— PROVIDED INFORMATION —
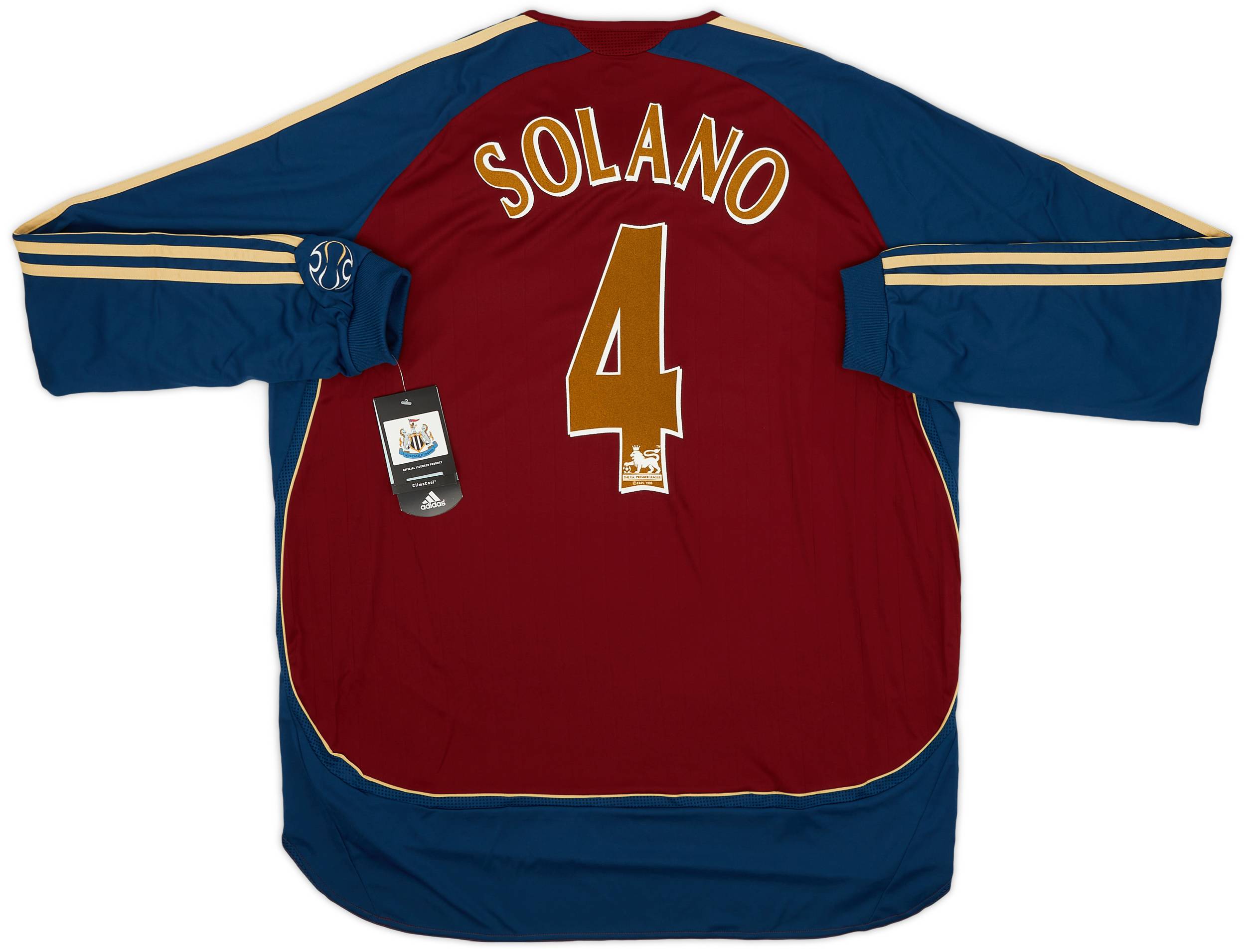 2006-07 Newcastle Away L/S Shirt Solano #4 (XXL)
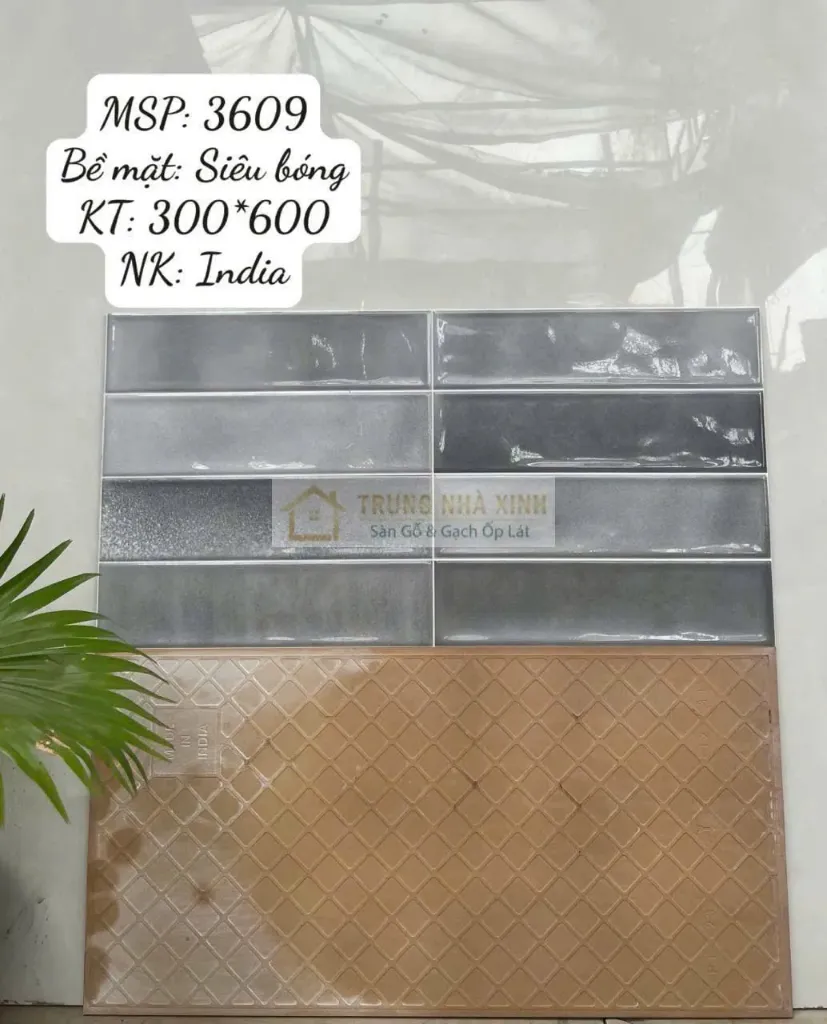 [DSC-DC3609] Gạch giả thẻ siêu bóng, KT 300x600mm, mã DC3609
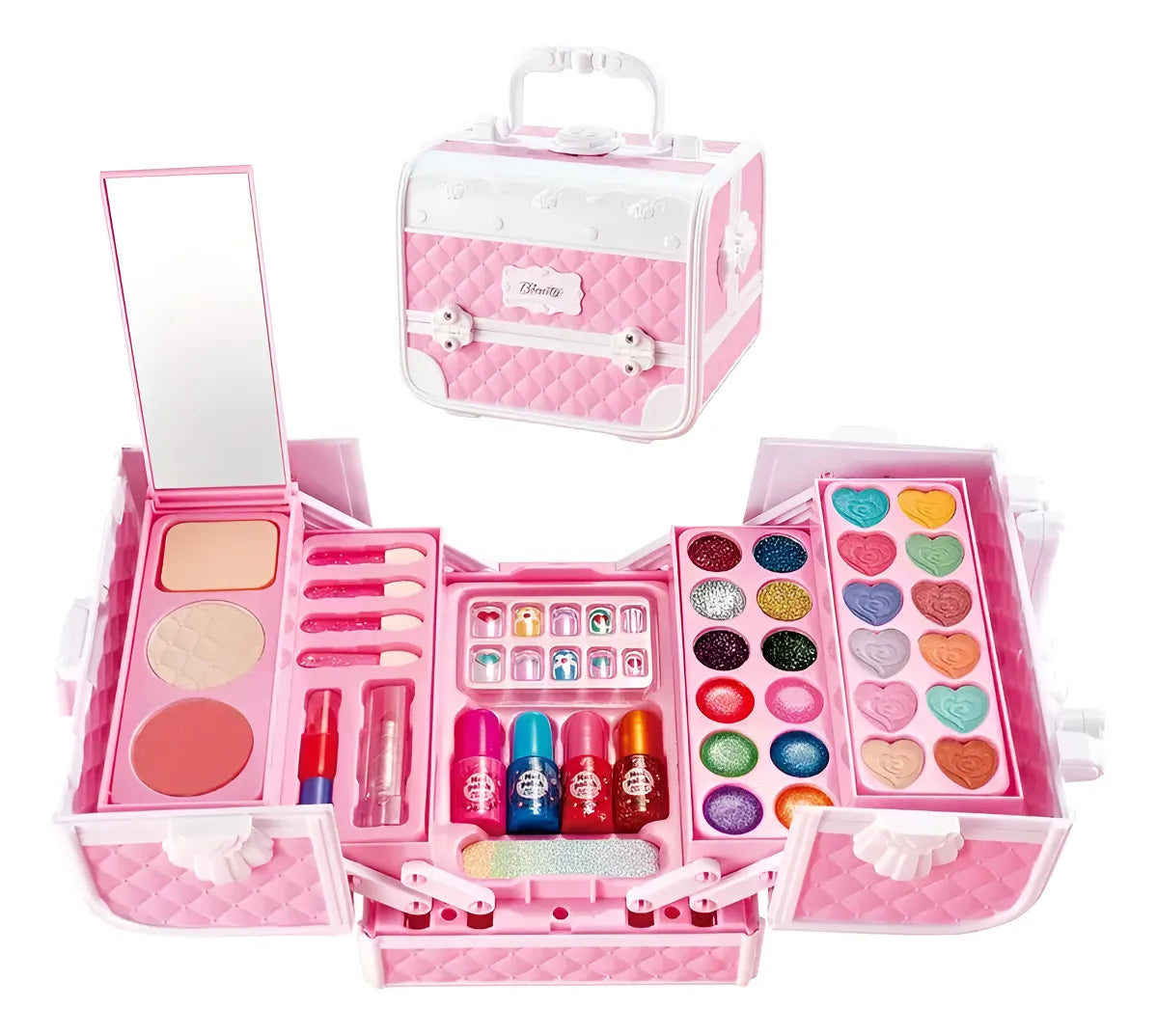 Maquillaje Para Niñas Lavable No Toxico Maleta Makeup Regalo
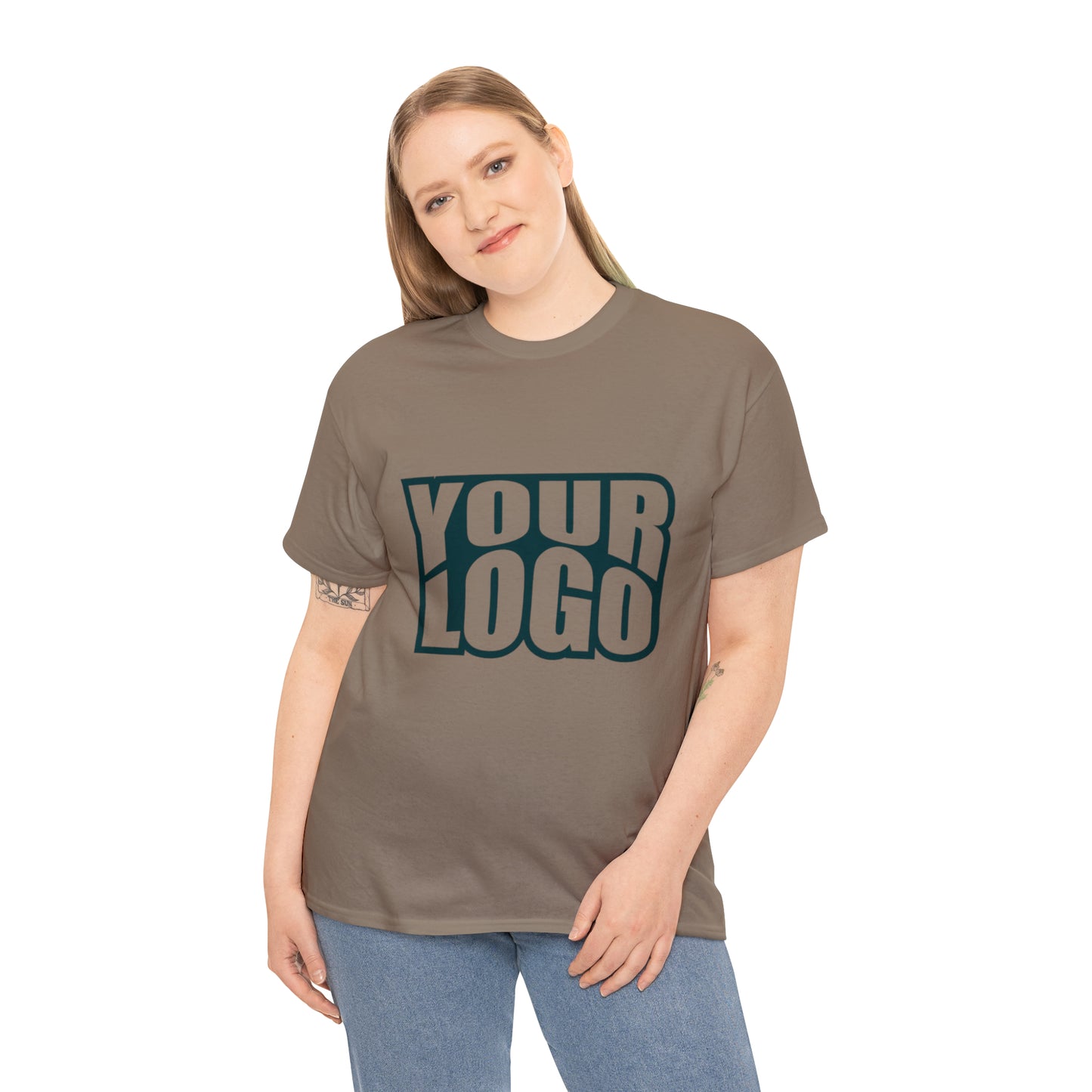 Personalize Company Logo Heavy Cotton Tee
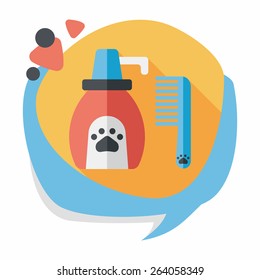 Pet shampoo flat icon with long shadow,eps10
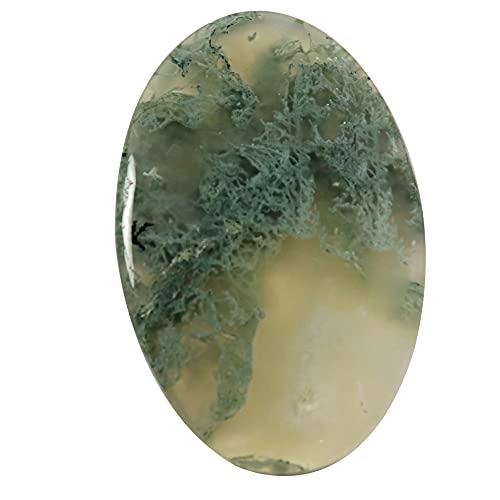 Pierre précieuse naturelle en cabochon ovale, gemme d'exception de 30,5 carats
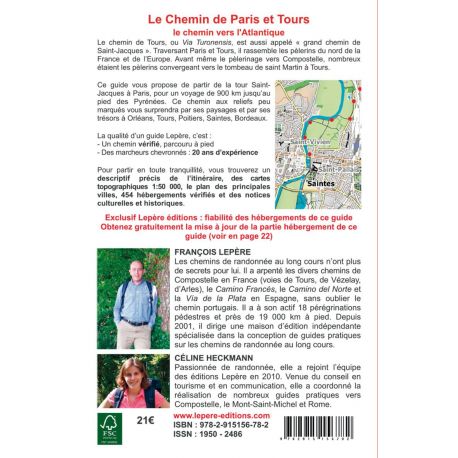 LE CHEMIN DE PARIS ET TOURS LE CHEMIN VERS L'ATLANTIQUE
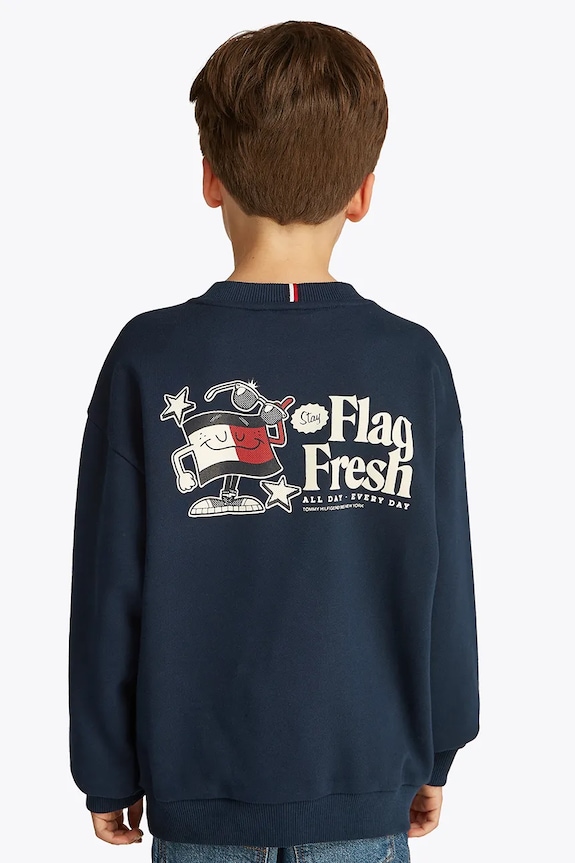 Tommy Hilfiger felpa per bambini blu navy KB0KB09596.128.176.PPYA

— REQUIRED WORK —
What you give back must match the material word for word, with no images included.

— SOLUTION TO THIS TASK —
 2006-07 Newcastle Away L/S Shirt Solano #4 (XXL)
 [DSC-DC3609] Gạch giả thẻ siêu bóng, KT 300x600mm, mã DC3609
 Maquillaje Para Niñas Lavable No Toxico Maleta Makeup Regalo
 Personalize Company Logo Heavy Cotton Tee
 Pet shampoo flat icon with long shadow,eps10
 Pierre précieuse naturelle en cabochon ovale, gemme d'exception de 30,5 carats
 LE CHEMIN DE PARIS ET TOURS LE CHEMIN VERS L'ATLANTIQUE
 Tommy Hilfiger felpa per bambini blu navy KB0KB09596.128.176.PPYA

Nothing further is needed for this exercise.